Phan Nam Nhut, Hsu Chih-Yi, Huang Chi-Cheng, Tseng Ling-Ming, Chuang Eric Y
Bioinformatics Program, Taiwan International Graduate Program, Institute of Information Science, Academia Sinica, Taipei, Taiwan.
Graduate Institute of Biomedical Electronics and Bioinformatics, National Taiwan University, Taipei, Taiwan.
Front Oncol. 2021 Oct 21;11:734015. doi: 10.3389/fonc.2021.734015. eCollection 2021.
The present study aimed to assign a risk score for breast cancer recurrence based on pathological whole slide images (WSIs) using a deep learning model.
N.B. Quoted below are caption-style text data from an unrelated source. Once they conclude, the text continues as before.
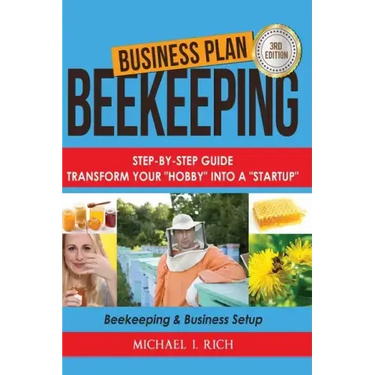 Business Plan: Beekeeping: Step-By-Step Guide: Transform Your Hobby Into A Startup - Beekeeping & Business Setup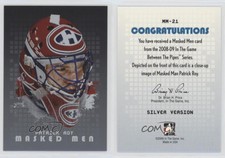 2008-09 ITG Between the Pipes Men Silver Patrick Roy #MM-21 HOF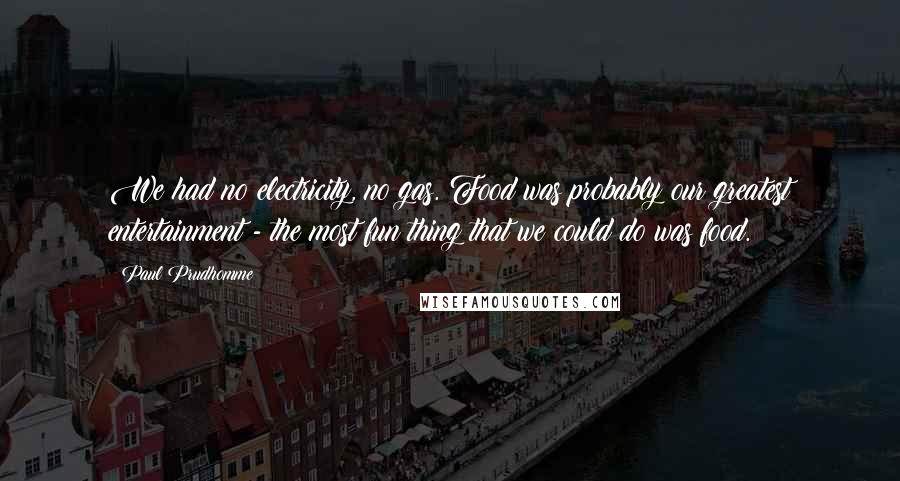 Paul Prudhomme quotes: We had no electricity, no gas. Food was probably our greatest entertainment - the most fun thing that we could do was food.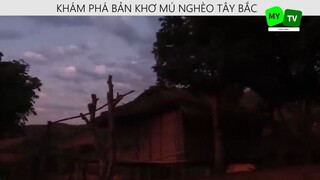 KHÁM PHÁ BẢN KHƠ MÚ NGHÈO TÂY BẮC p20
A total of 233 WSIs from 138 breast cancer patients were assigned either a low-risk or a high-risk score based on a 70-gene signature. These images were processed into patches of 512x512 pixels by the PyHIST tool and underwent color normalization using the Macenko method. Afterward, out of focus and pixelated patches were removed using the Laplacian algorithm. Finally, the remaining patches (n=294,562) were split into 3 parts for model training (50%), validation (7%) and testing (43%). We used 6 pretrained models for transfer learning and evaluated their performance using accuracy, precision, recall, F1 score, confusion matrix, and AUC. Additionally, to demonstrate the robustness of the final model and its generalization capacity, the testing set was used for model evaluation. Finally, the GRAD-CAM algorithm was used for model visualization.
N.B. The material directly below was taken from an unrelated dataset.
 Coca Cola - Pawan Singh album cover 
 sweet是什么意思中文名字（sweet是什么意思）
Six models, namely VGG16, ResNet50, ResNet101, Inception_ResNet, EfficientB5, and Xception, achieved high performance in the validation set with an overall accuracy of 0.84, 0.85, 0.83, 0.84, 0.87, and 0.91, respectively. We selected Xception for assessment of the testing set, and this model achieved an overall accuracy of 0.87 with a patch-wise approach and 0.90 and 1.00 with a patient-wise approach for high-risk and low-risk groups, respectively.
Our study demonstrated the feasibility and high performance of artificial intelligence models trained without region-of-interest labeling for predicting cancer recurrence based on a 70-gene signature risk score.
本研究旨在使用深度学习模型基于病理全切片图像(WSIs)为乳腺癌复发分配风险评分。
根据70基因特征,为138例乳腺癌患者的总共233张WSIs分配低风险或高风险评分。这些图像通过PyHIST工具处理成512x512像素的图像块,并使用Macenko方法进行颜色归一化。之后,使用拉普拉斯算法去除失焦和像素化的图像块。最后,将剩余的图像块(n = 294,562)分成3部分用于模型训练(50%)、验证(7%)和测试(43%)。我们使用6个预训练模型进行迁移学习,并使用准确率、精确率、召回率、F1分数、混淆矩阵和AUC评估它们的性能。此外,为了证明最终模型的稳健性及其泛化能力,测试集用于模型评估。最后,使用GRAD-CAM算法进行模型可视化。
六个模型,即VGG16、ResNet50、ResNet101、Inception_ResNet、EfficientB5和Xception,在验证集中表现出高性能,总体准确率分别为0.84、0.85、0.83、0.84、0.87和0.91。我们选择Xception对测试集进行评估,该模型在高风险和低风险组中,采用逐图像块方法时总体准确率为0.87,采用逐患者方法时分别为0.90和1.00。
我们的研究证明了基于70基因特征风险评分训练的人工智能模型在无感兴趣区域标记的情况下预测癌症复发的可行性和高性能。